Route Traffic Through a Virtual WAN Hub

This guide explains how to configure routing in Azure Virtual WAN to control the flow of traffic through your Virtual WAN hub. This is essential for implementing security policies, managing connectivity between spokes, and optimizing traffic for different workloads.

Objective: To understand and implement traffic routing policies within an Azure Virtual WAN hub.

This article covers scenarios such as routing internet-bound traffic through a firewall, routing traffic between VNets, and managing connectivity to on-premises networks.

Understanding Virtual WAN Hub Routing

The Virtual WAN hub acts as a central transit point for your network. Routing is managed using route tables. Each connection (VNet, VPN, ExpressRoute) is associated with a route table. The hub propagates routes to these route tables, enabling control over traffic flow.

Key Concepts:

Hub Route Table: The default route table for the hub. Routes learned from connected resources are propagated here.
VNet Route Table: Associated with a specific VNet connection. Routes from the hub and other connected resources can be propagated to this table.
Propagating Routes: The process by which routes are shared between the hub and connected resources.
Learned Routes: Routes that a connection (like a VNet) learns from the hub.
Static Routes: Manually configured routes within the hub for specific destinations.

Scenarios and Configuration

Scenario 1: Routing Internet Traffic Through a Firewall

To inspect internet-bound traffic, you can route it through a Network Virtual Appliance (NVA) like Azure Firewall deployed in the hub or a dedicated spoke VNet. This requires specific route table configurations.

Deploy and Configure Firewall

Deploy Azure Firewall or a third-party NVA in a dedicated spoke VNet connected to your Virtual WAN hub.
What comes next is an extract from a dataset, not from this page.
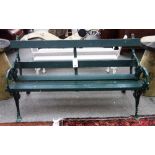 A 19th century green painted garden bench, with wooden slats on moulded cast iron supports,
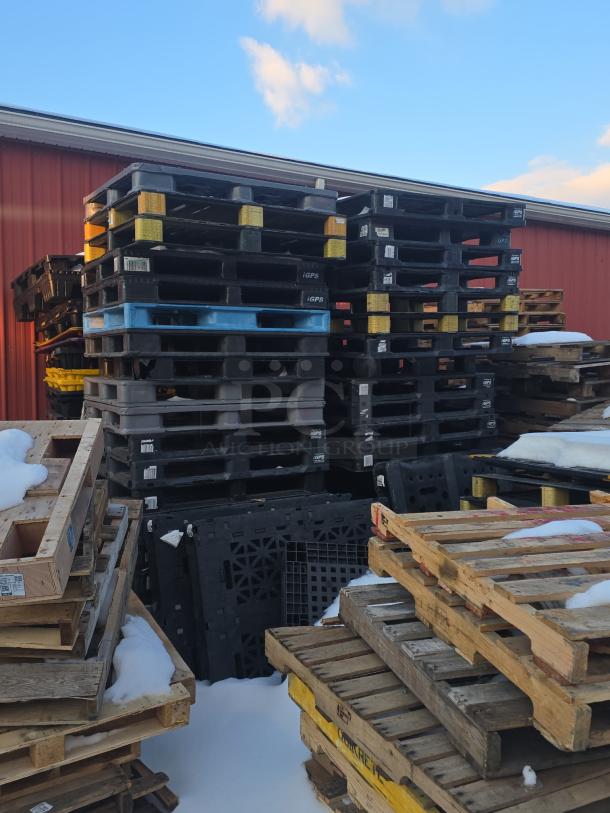 Lot of 4 stacks of black and blue plastic pallets, iGPS brand, used condition, outdoors with visible snow.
Configure firewall rules to allow or deny specific traffic.

Configure Hub Routing

In the Virtual WAN hub, associate the NVA spoke with the hub's default route table (or a custom route table).

On the NVA spoke connection, configure route propagation to the hub's route table and enable association with the hub's default route table.
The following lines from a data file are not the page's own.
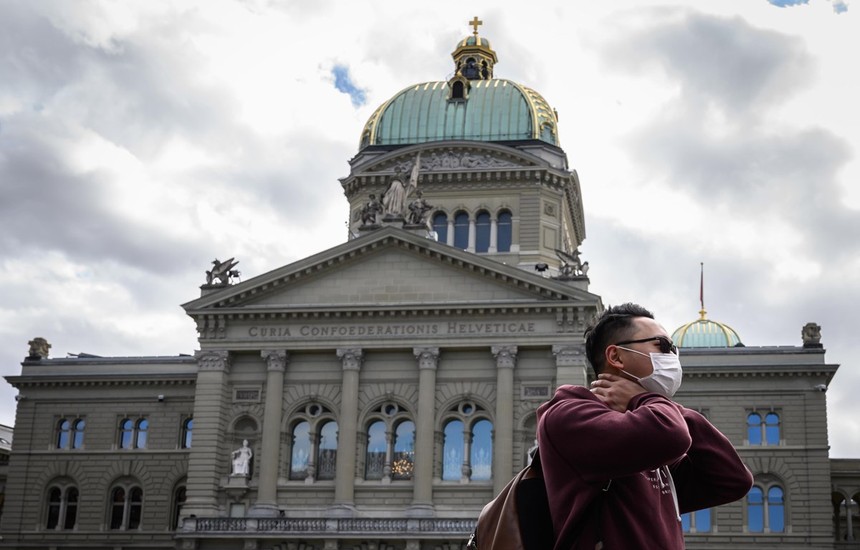 Du khách đeo khẩu trang đi ngang qua Tòa nhà Quốc hội Thụy Sĩ. (Nguồn: AFP).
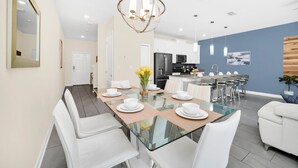 Un espace repas moderne avec une table en verre, des chaises blanches et un luminaire central.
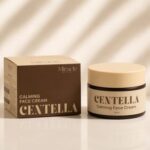 Centella Is A Miracle Worker For Dry, Red & Irritated Skin | Miracle Beauty Centella Range A short cylindrical beige glass jar with a dark tan Plastic lid, a dark brown band around it and a creamy white label that has Miracle Beauty Centella Calming Face Cream written in dark brown writing on it next to a short rectangular cardboard box that has Miracle Beauty Centella Calming Face Cream written in dark brown writing on it, on a light beige background.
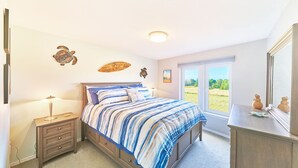 A bedroom with a bed, bedside tables, a dresser, and a window with a view of greenery. - 2bd, 2ba, Walk to Town and Beach (SRetreat) (Long Beach)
Create a Static Route for Internet Traffic

In the Virtual WAN hub, create a static route:

Destination Type: VirtualNetworkSite (for on-premises) or None (for Internet, if not using a specific service tag).
Destination Prefix: 0.0.0.0/0 (for internet-bound traffic).
Next Hop: The IP address of your firewall instance in the NVA spoke.

This static route overrides any other routes for 0.0.0.0/0 and directs internet traffic to your firewall.

Example Azure CLI command to add a static route (conceptual):


                az network vpn-gateway nat rule create --gateway-name  --resource-group  --name  --type Static --ip-address  --destination-prefix 0.0.0.0/0

Note: The actual command for static routes in Virtual WAN hub routing is configured via the Azure portal or PowerShell/ARM templates.

Scenario 2: Routing Between Spoke VNets

By default, Virtual WAN allows transit routing between connected VNets. This means a VNet can communicate with another VNet as long as both are connected to the same hub.

Connect VNets to the Hub

Ensure all spoke VNets are connected to the Virtual WAN hub.

Verify Route Propagation

When a VNet is connected, its address space is advertised to the hub.

The hub then propagates these routes to all other connected VNets.

To see learned routes for a VNet, navigate to its connection settings in the Virtual WAN hub and check "Effective Routes".

Default Behavior: All connected VNets can communicate with each other by default, assuming no Network Security Groups (NSGs) or Azure Firewall rules are blocking traffic.

Scenario 3: Custom Routing with Route Maps

For more granular control, you can use route maps associated with connections to influence how routes are propagated and learned.

Route maps allow you to modify attributes of routes (like AS path, community tags) or conditionally advertise/withdraw routes.

This is an advanced topic often used with BGP for on-premises or complex hub-to-hub routing.

Managing Routes in the Azure Portal

You can manage hub routing directly from the Azure portal:

Navigate to your Virtual WAN resource.
Select the specific hub you want to configure.
Under "Connectivity," choose "Route tables".
Here you can view:
- Labels: The route table names (e.g., Default, None).
- Connections: View connections associated with each route table.
- Routes: See the routes that are propagated to and learned by the hub.
To configure static routes, select the relevant route table and click "Add static route".
To configure route propagation and association for a specific connection (VNet, VPN, etc.), navigate to "Virtual network connections" or "VPN sites" / "ExpressRoute circuits", select the connection, and configure "Route Tables" settings.

Tip: Always review the "Effective Routes" for a connection to understand exactly which routes are being learned and used by that resource.